Mitochondrial Madness Pt. 2

This week’s post is a continuation of my previous post on assembling mitochondrial genomes from existing data. I referenced doing this last week, but I’m experiencing an episode of tunnel vision locked on k-mer analyses, which I plan to cover in my next blog post…it’s consuming and confusing.

Me, reading my 10th paper on k-mers and still not understanding how to interpret them…

Also, because I pretend I can multitask, I’ll have to release this over the week in three updates (per program basis) because I’ve spent my blogging time starring at my k-mer results for a different project.

In my last post, I needed to improve the mitogenome sequence that I partially captured from mapping reads from 2 RNA-sequencing libraries and a DNA-sequencing library. This more or less gave me a “backbone” for the sequence I am trying to obtain. This also gave me an idea of sequence coverage for specific regions of the mitogenome (reads that mapped from all three sequencing libraries virtually provided coverage at the same regions several times [at high depth]).

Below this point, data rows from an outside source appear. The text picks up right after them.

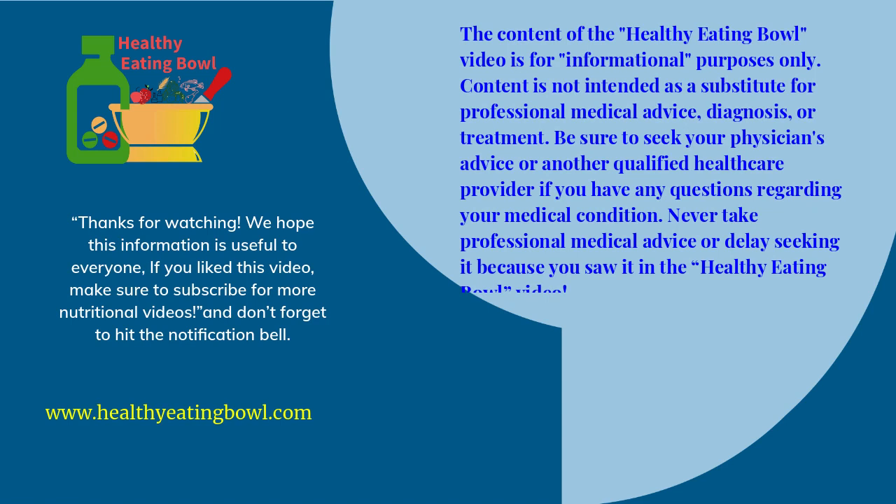If you like this video, make sure to subscribe for more nutritional videos. And don't forget to hit the notification bell.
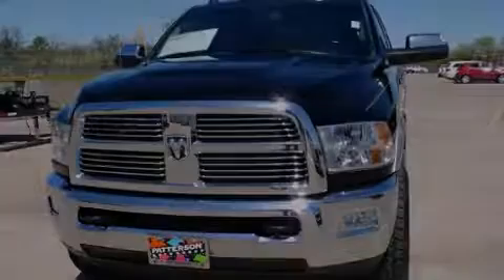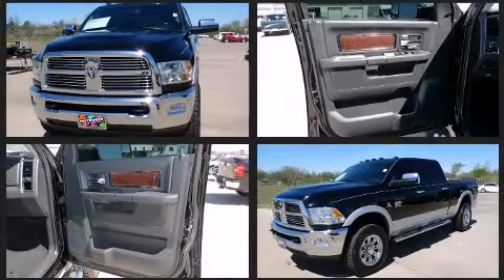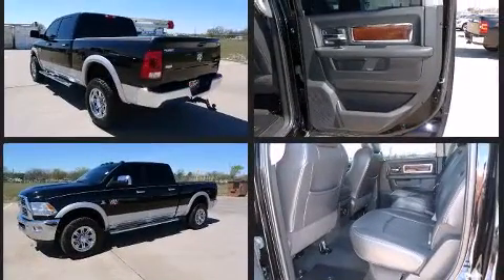Familiarize yourself with the 2012 Ram 2500. Smooth gear shifts are achieved thanks to the refined six-cylinder engine. For added security, Dynamic Stability Control supplements the drivetrain. Four-wheel drive allows you to go places you've only imagined.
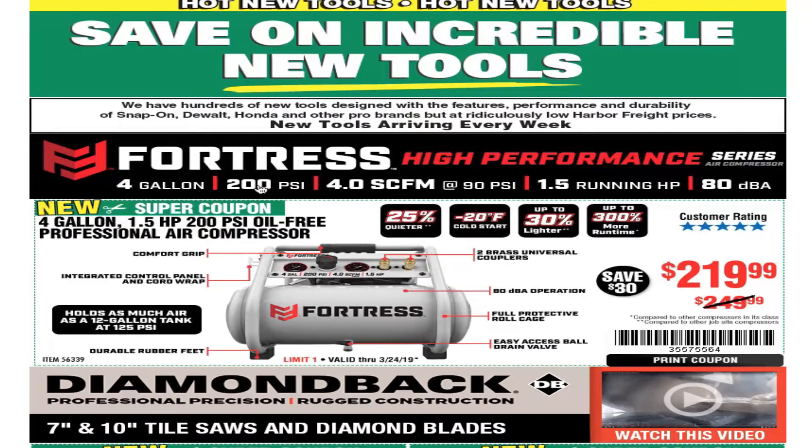We got the Fortress and Hyper high-performance serious air compressors — 4 gallons, 200 PSI, 4.0 CFM at 90 PSI, 1.5 running horsepower, 80 dBA. If you guys haven't seen it, Dana Tools — also known as Mr. Bear — did a video comparing compressors. He did one of these, I think he did a live comparing these with a similar item, and he's going to do a follow-up video with more detail. You can search his channel or I'll link it in the description.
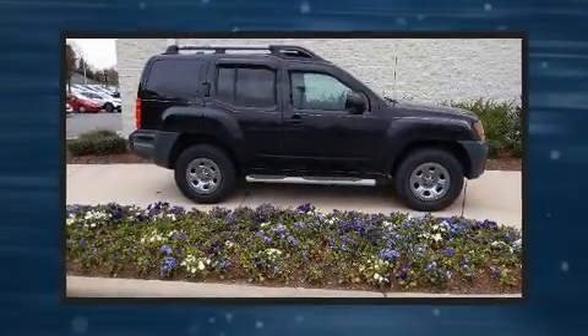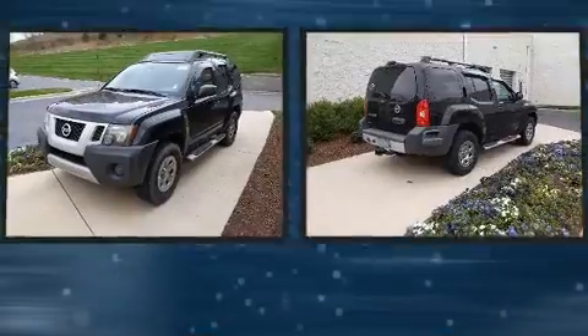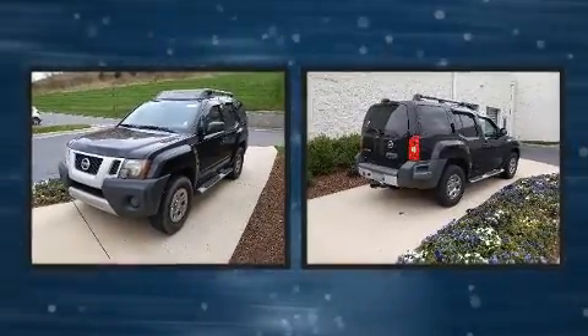Step into the 2011 Nissan XTERRA. It features an automatic transmission, four-wheel drive, and a four-liter six-cylinder engine.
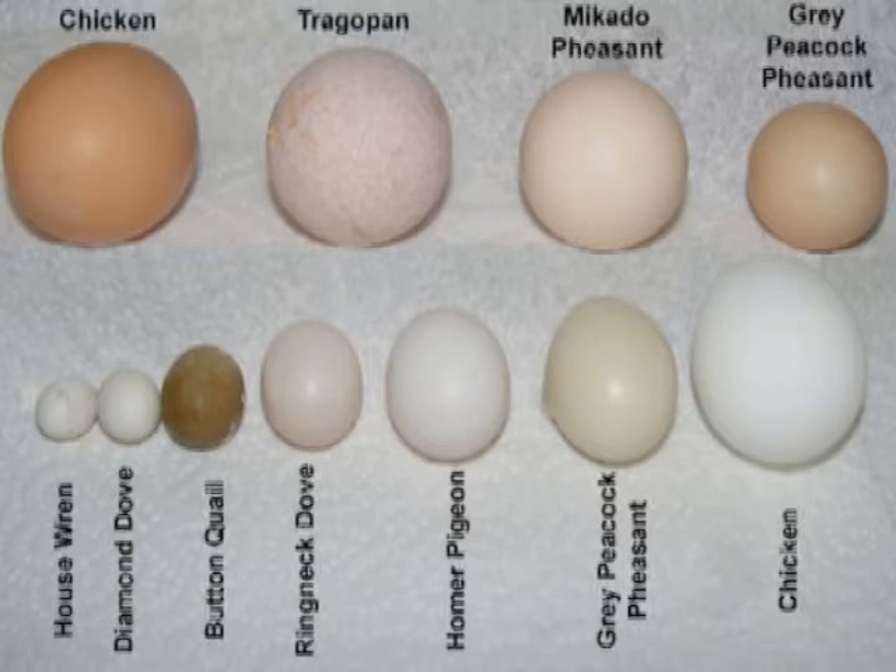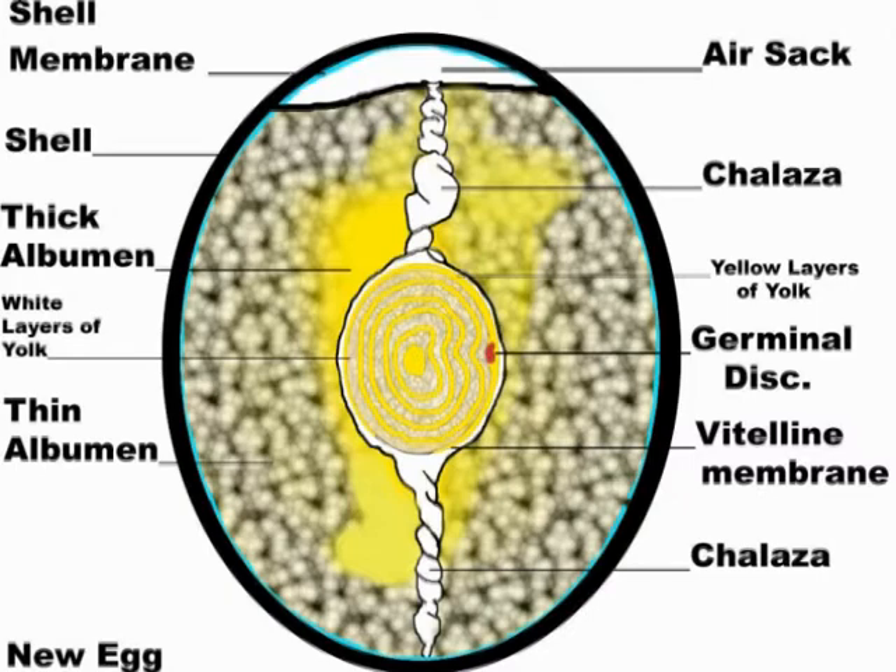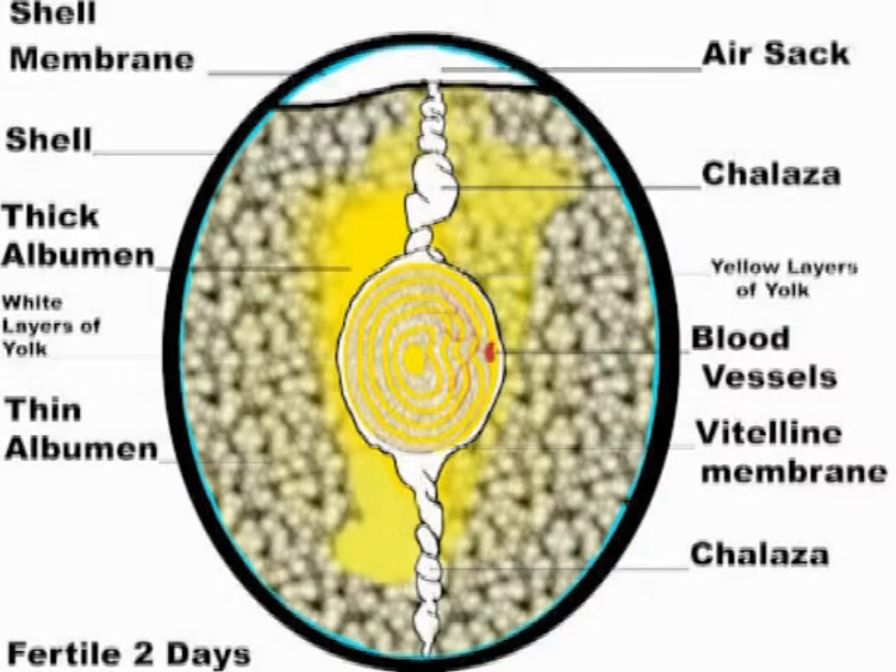This first picture shows a sample of different egg sizes, and you can see that a pigeon egg is a medium-sized egg. The next picture is a new egg showing all the different components, including a little red fertilization disk in the yolk. When that egg is laid, if it's fertile, it has that little red dot. The second shot is two days older — the egg is changing a little bit already.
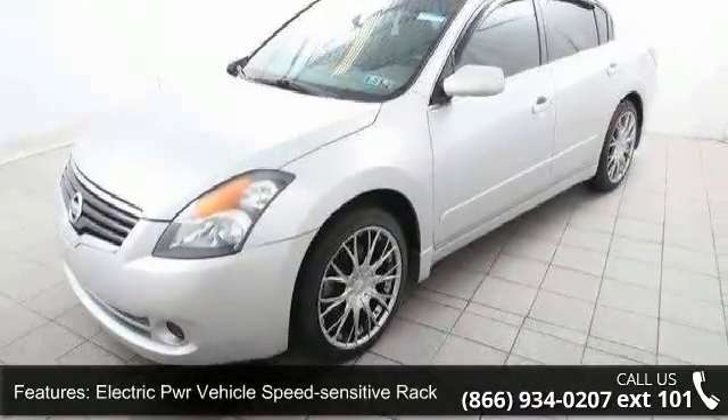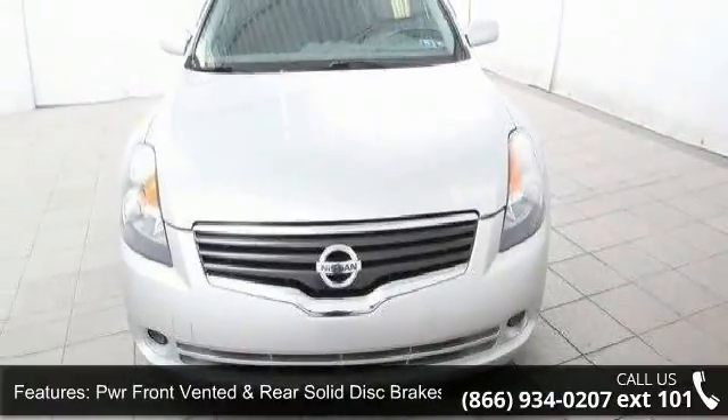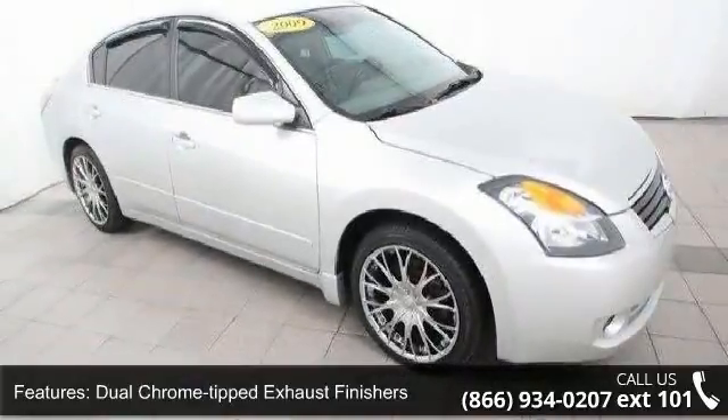Additional features include a vehicle security system, tachometer, coolant temp and fuel gauges, and warning lights including door ajar, low fuel, low washer fluid, and retained accessory PWR.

I decided to explore de novo assembly methods for mitochondrial genomes. It’s always nice to have someone else pipeline, so you don’t feel like you’re just hacking things together. Unfortunately, that means lots of deadends and trial and error that I typically don’t have time for…but someones gotta do it.

Reasons for pulling my hair out strand by strand when dealing with published programs, pipelines, and workflows:

  1. POOR DOCUMENTATION – if you write software for others, and you expect people to use your software, PLEASE leave well-detailed, debugged, and tested code with documentation on what the code is suppose to do. Instruct, with grave, detail on how a user is supposed to implement and run your scripts, programs, and workflows. This makes it less likely that tons of time is spent on explaining things in github issue forums, and at least people with some coding skills could probably make things work for them without author intervention.
  2. POOR MAINTANENCE – technology is getting older moments after being created, so there are always new ways to improve your code, dependencies, and program algorithms. Many programs are publish, and released to the community and the authors NEVER go back to check for issues presented by users or update their programs. Of course I understand that people’s lives move past projects, but I’ve seen some programs that would be super beneficial to the non-model community if it were maintained!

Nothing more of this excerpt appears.